There is a considerable literature on `applications' of Dowker's result to sociology. This is sometimes doubtful in its depth! The development was started by R. Atkin.
As an example look at
http://www.ehu.es/ccwintco/uploads/1/11/Blanca-Cases-Q-analysis.pdf
As an offshoot of this there is fairly recent work in discrete maths (see work by Hélène Barcelo). I will not try to describe this other than saying it looks at an idea of the connectivity of a relation.
Back in the world of algebraic topology, it provides a way of proving that the pro-object in the homotopy category of simplicial sets, that is given by the Cech complex construction is in fact homotopy coherent. This provides a way of linking strong shape theory to the original form of shape theory. (It is not hard to prove this coherence directly although I only know one proof that has been written down in a thesis of one of my ex-students.)

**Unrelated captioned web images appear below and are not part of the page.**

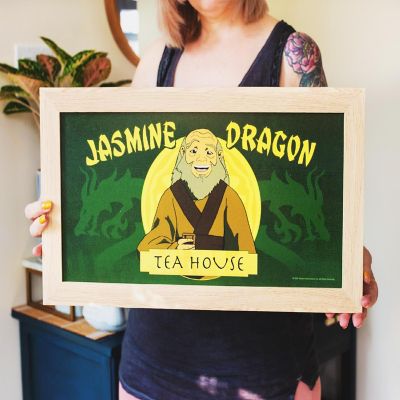 Avatar: The Last Airbender Jasmine Dragon Tea House Hanging Sign Framed Wall Art Image 3
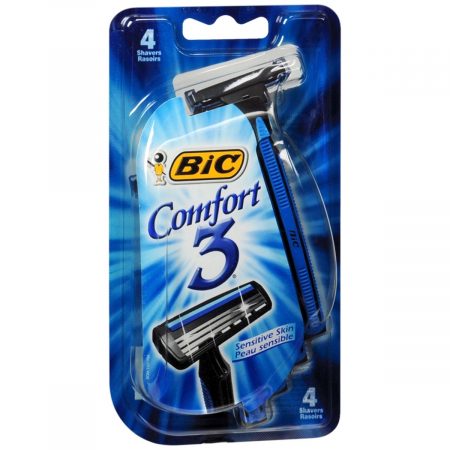 Bic Comfort 3 Shavers Sensitive Skin - 4 EA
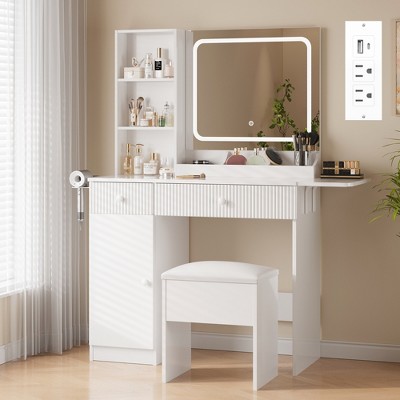 Vanity Desk With Mirror and Lights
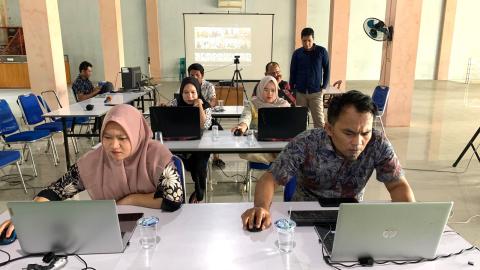 Badan Pengawas Pemilihan Umum (Bawaslu) Kabupaten Bangka Barat mengikuti Uji Kecakapan Penyelesaian Sengketa Proses Pemilihan Umum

(Edit: I forgot another example. You start with a group, $G$, and a family of subgroups, and ask to what extent invariants of the family give you invariants of the big group. This was the subject of a paper by Abels and Holz (Higher generation by subgroups , J. Alg, 160, (1993), 311– 341.) The family generates a covering of $G$ by its cosets. The two complexes given by that covering allow proof to be shortened and also in certain circumstances for links to Volodin's alegrbaic K-theory to be given.)